> _WHAT YOU HAVE TO DO_: An exact transcription of every record below is required, with the pictures left out.

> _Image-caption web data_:
>>>>

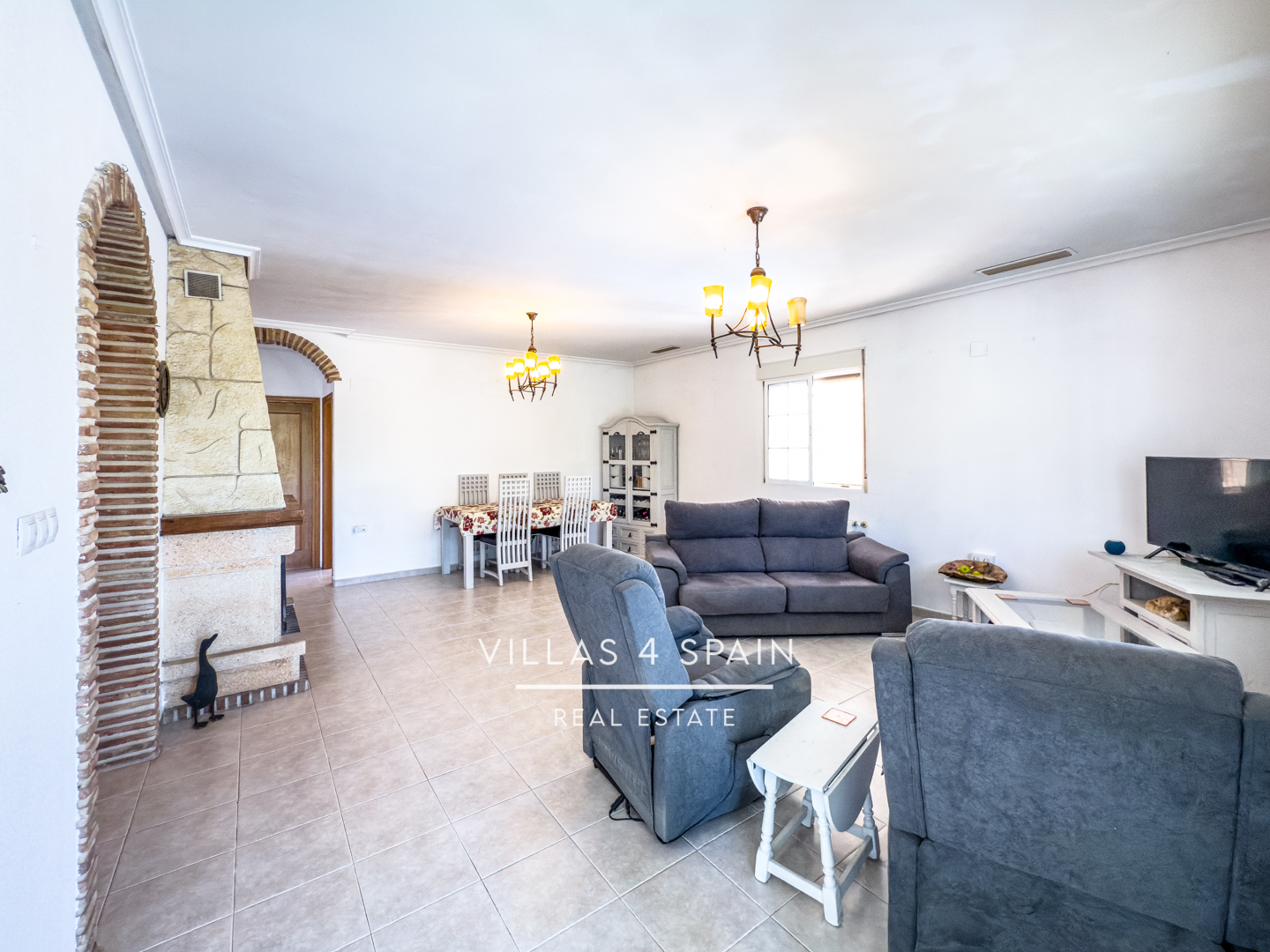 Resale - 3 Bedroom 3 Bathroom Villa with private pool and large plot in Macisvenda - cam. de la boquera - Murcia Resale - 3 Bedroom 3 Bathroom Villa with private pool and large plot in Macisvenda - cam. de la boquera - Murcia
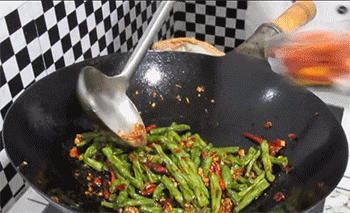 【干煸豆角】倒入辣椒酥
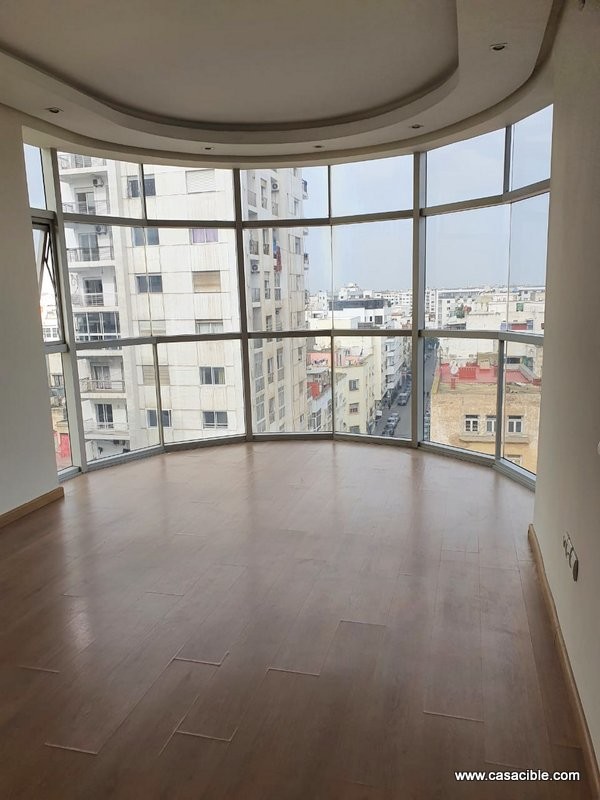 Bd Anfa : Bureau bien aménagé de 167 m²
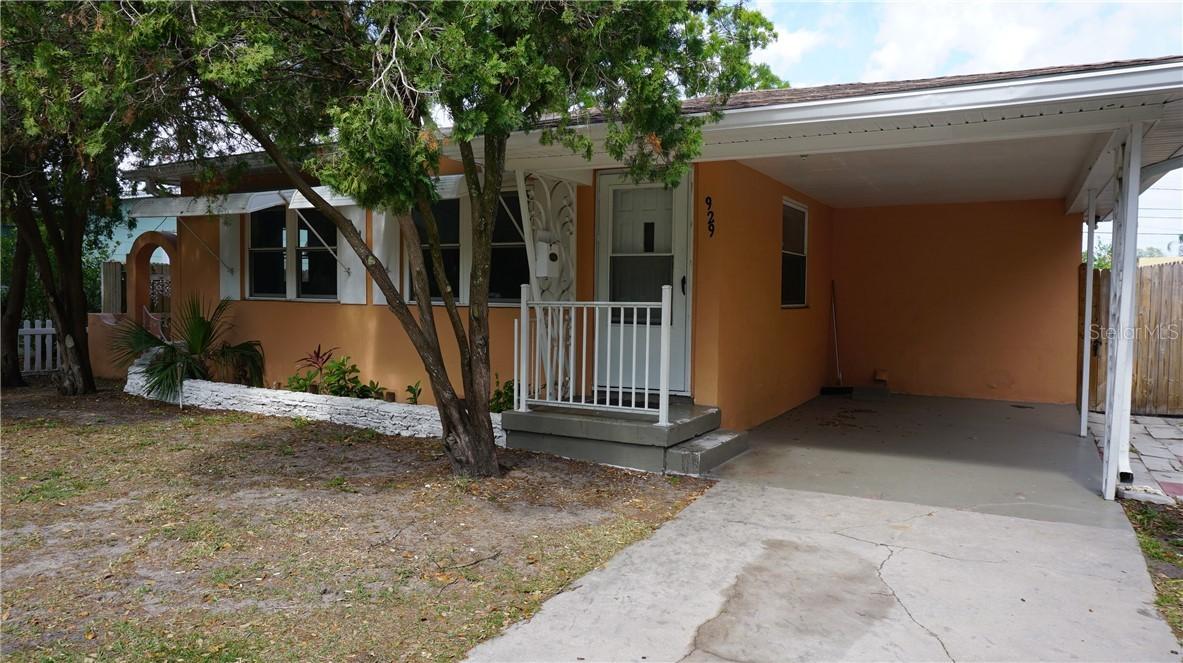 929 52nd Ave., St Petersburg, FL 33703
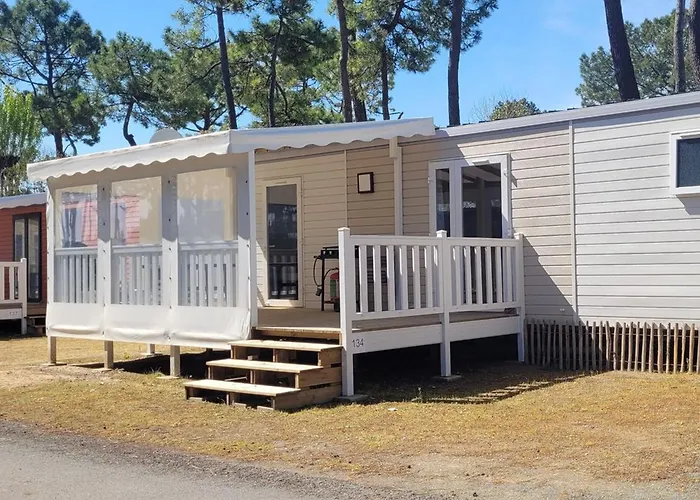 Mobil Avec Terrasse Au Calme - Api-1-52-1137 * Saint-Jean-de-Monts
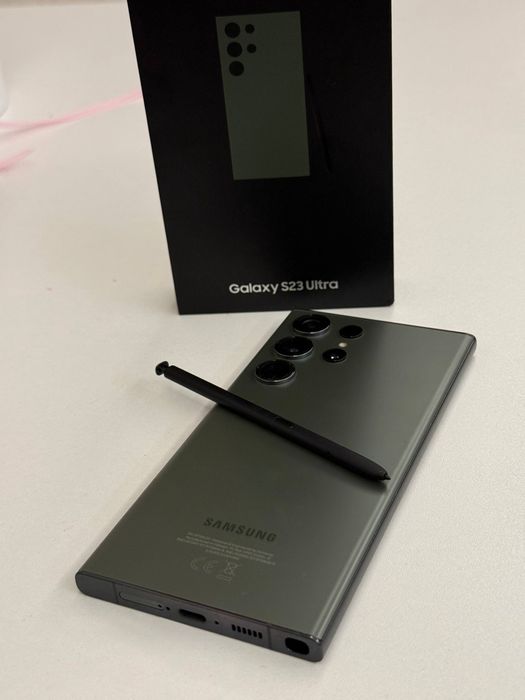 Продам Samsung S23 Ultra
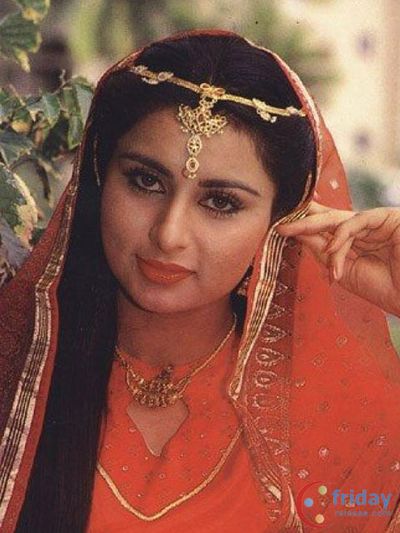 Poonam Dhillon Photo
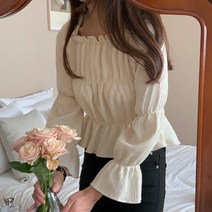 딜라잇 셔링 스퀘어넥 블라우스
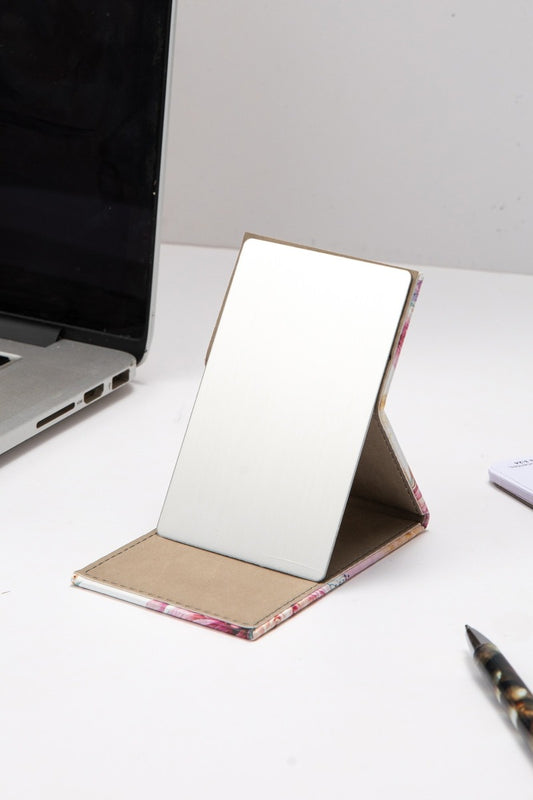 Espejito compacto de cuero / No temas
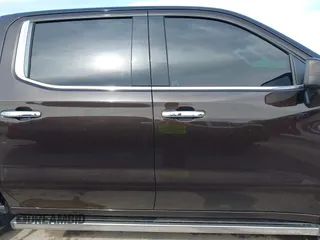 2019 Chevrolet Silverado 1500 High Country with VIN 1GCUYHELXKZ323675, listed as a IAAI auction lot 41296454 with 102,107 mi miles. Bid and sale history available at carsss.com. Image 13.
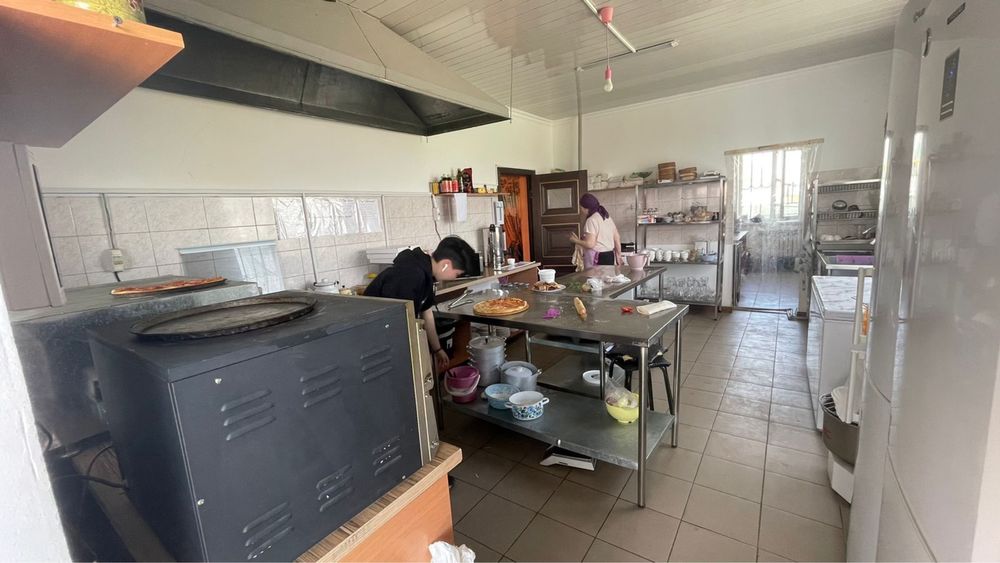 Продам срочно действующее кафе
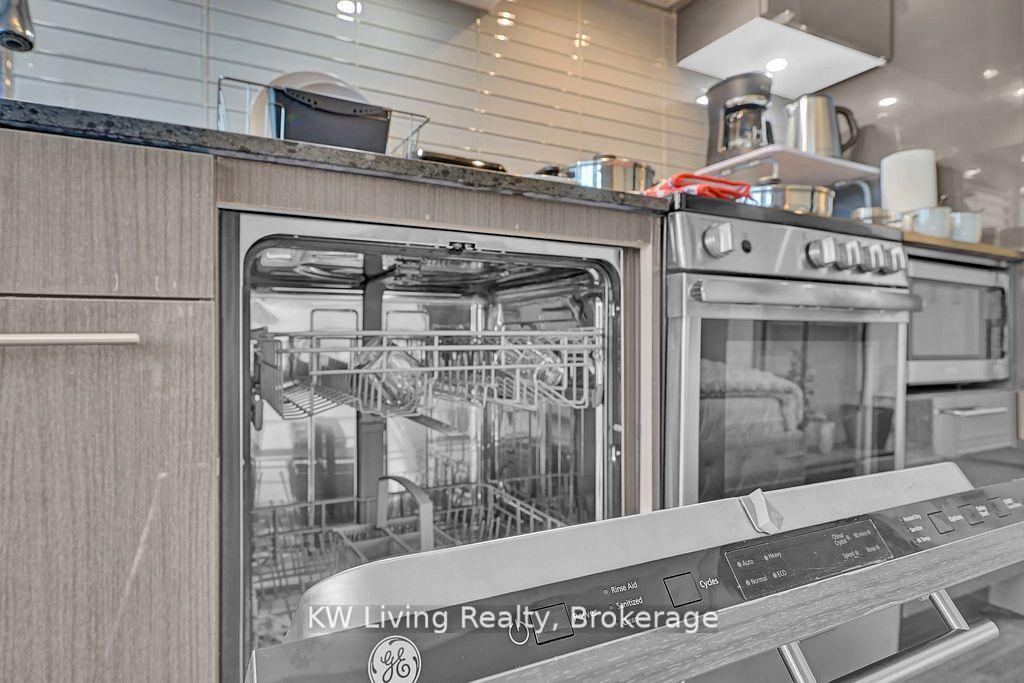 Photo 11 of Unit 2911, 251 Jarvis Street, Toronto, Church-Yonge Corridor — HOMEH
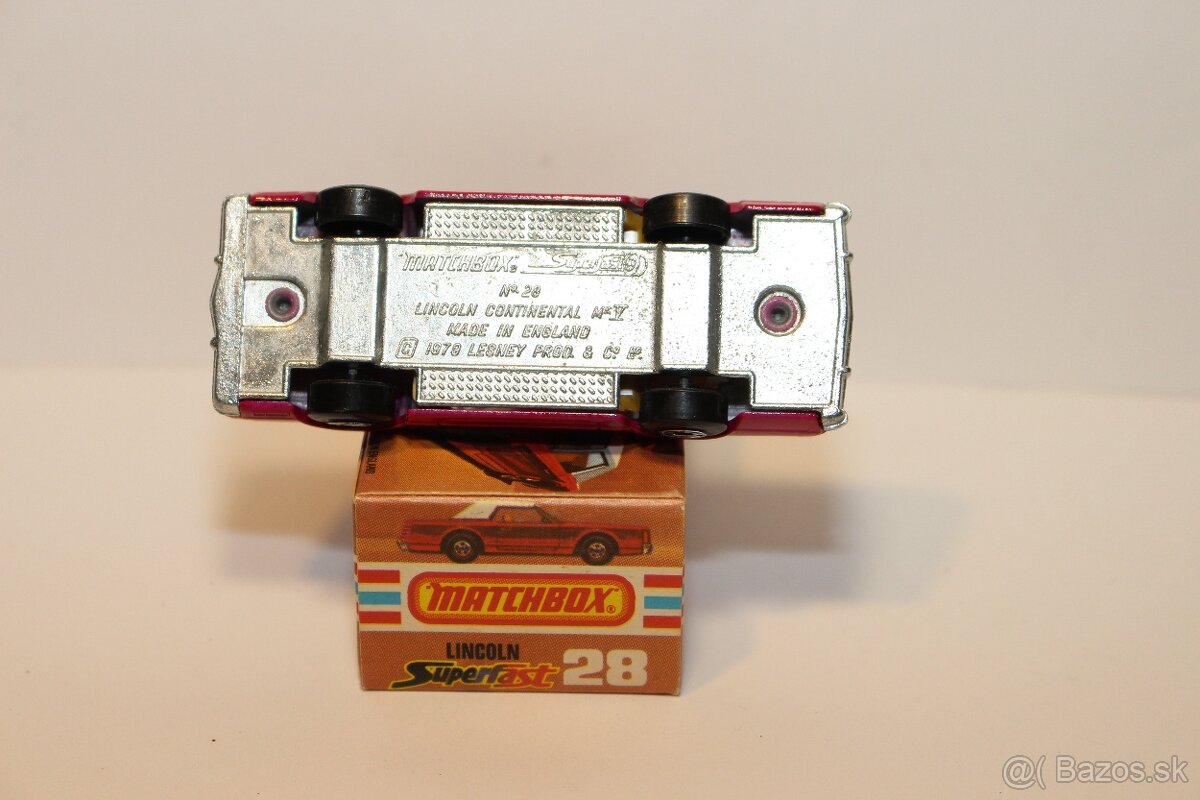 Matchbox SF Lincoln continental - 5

<<<<

> _RESULT BELOW_:
 Resale - 3 Bedroom 3 Bathroom Villa with private pool and large plot in Macisvenda - cam. de la boquera - Murcia Resale - 3 Bedroom 3 Bathroom Villa with private pool and large plot in Macisvenda - cam. de la boquera - Murcia
 【干煸豆角】倒入辣椒酥
 Bd Anfa : Bureau bien aménagé de 167 m²
 929 52nd Ave., St Petersburg, FL 33703
 Mobil Avec Terrasse Au Calme - Api-1-52-1137 * Saint-Jean-de-Monts
 Продам Samsung S23 Ultra
 Poonam Dhillon Photo
 딜라잇 셔링 스퀘어넥 블라우스
 Espejito compacto de cuero / No temas
 2019 Chevrolet Silverado 1500 High Country with VIN 1GCUYHELXKZ323675, listed as a IAAI auction lot 41296454 with 102,107 mi miles. Bid and sale history available at carsss.com. Image 13.
 Продам срочно действующее кафе
 Photo 11 of Unit 2911, 251 Jarvis Street, Toronto, Church-Yonge Corridor — HOMEH
 Matchbox SF Lincoln continental - 5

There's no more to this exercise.